Africa – A Love Affair

Here I am, where I ought to be.

-Isak Dinesen, “Out of Africa.”

I‘ve wanted to go to Africa for as long as I can remember, but as the years have gone by that dream took a backseat to things more familiar, more expected, more applicable to life as I’ve always known it. The dream never went away, and one day a few years back I woke up (or so it seems) and decided that getting to Africa was my priority, and figuring out the details my mission.
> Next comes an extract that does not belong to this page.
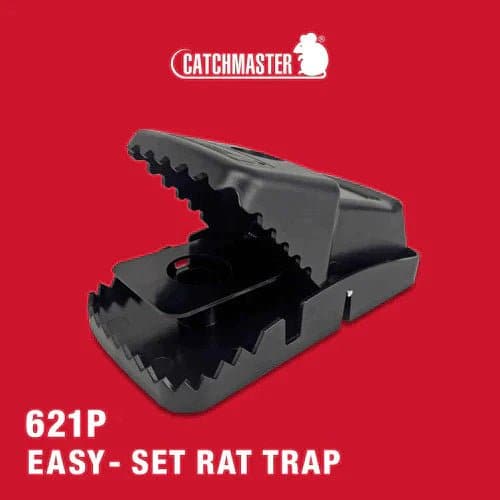 Catchmaster Easy Set Rat Snap Trap (621P) - Heavy Duty Rodent Control for Home, Garage & Basement - Quick & Humane Mouse Trap for Indoor & Outdoor Use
If I’ve always been interested in Africa, I have now fallen head-over-heels in love. Painfully in love. For me, going to Africa has always been about the animals, but as I’ve been reading book after book in preparation for this trip my love has grown to encompass the place and its people, its beauty and its tragedies. This is a continent with an embarrassment of riches, but it is being decimated by corrupt governments, wars, genocides, hunger, unemployment, illiteracy, and HIV/AIDS. I want to blame the people of Africa for not fighting to take care of their animals, but in reading these stories I start to understand why it doesn’t take priority when everyday is a fight just to survive. And while the survival of this continent’s animals will aid in the prosperity of the people by bringing in tourist dollars and creating jobs, how do you muster up the courage and energy to act when your government is doing everything in its power to increase the wealth of its party leaders while threatening its people, sometimes killing them, for even talking about change?  This is what I can’t wrap my head around. How do you fight devastating civil wars to gain democracy and independence only to create new governments that are just as corrupt and stifling, if not worse than the previous ones?
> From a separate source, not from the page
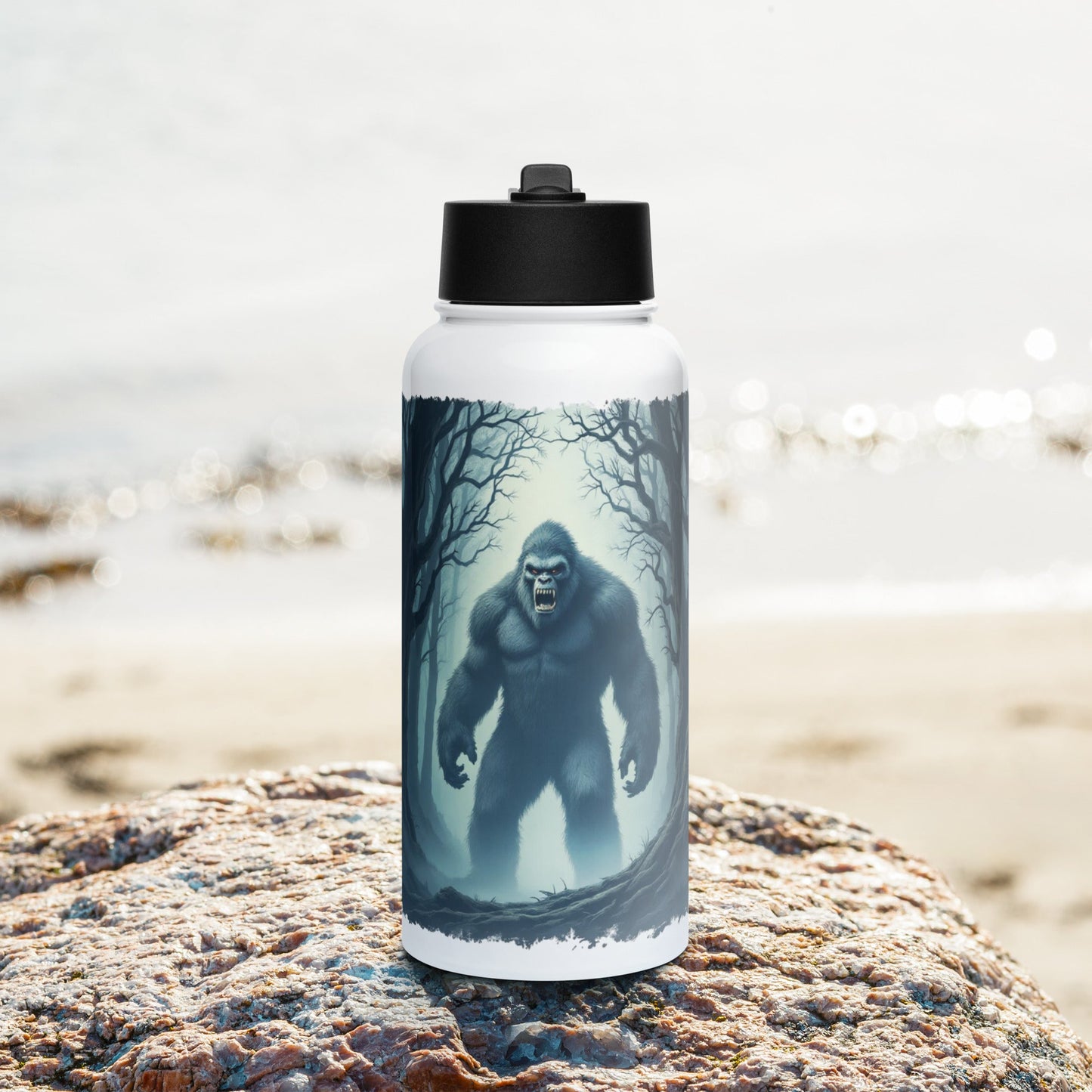 Scary Bigfoot Stainless Steel Water Bottle With Straw Lid - Stainless Steel Water Bottle With Straw Lid - Discovery Co.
I know I’m romanticizing this place given all its troubles. I have some grand dream of going there and not just helping in some very small way, but also feeling that I belong there. In reality, I will probably feel anything except that I belong there. How could I? Still, these stories describing lives so completely foreign to anything I have ever experienced in my life – they feel like home.  Like a place I’m supposed to be.

And so, I am in love. Only time will tell if it’s a case of blissful infatuation where I will inevitably be let down and disappointed once I get to know Africa better and reality sinks in, or if my love will deepen and be taken to a higher level with a new understanding from my first-hand experience. Time will tell.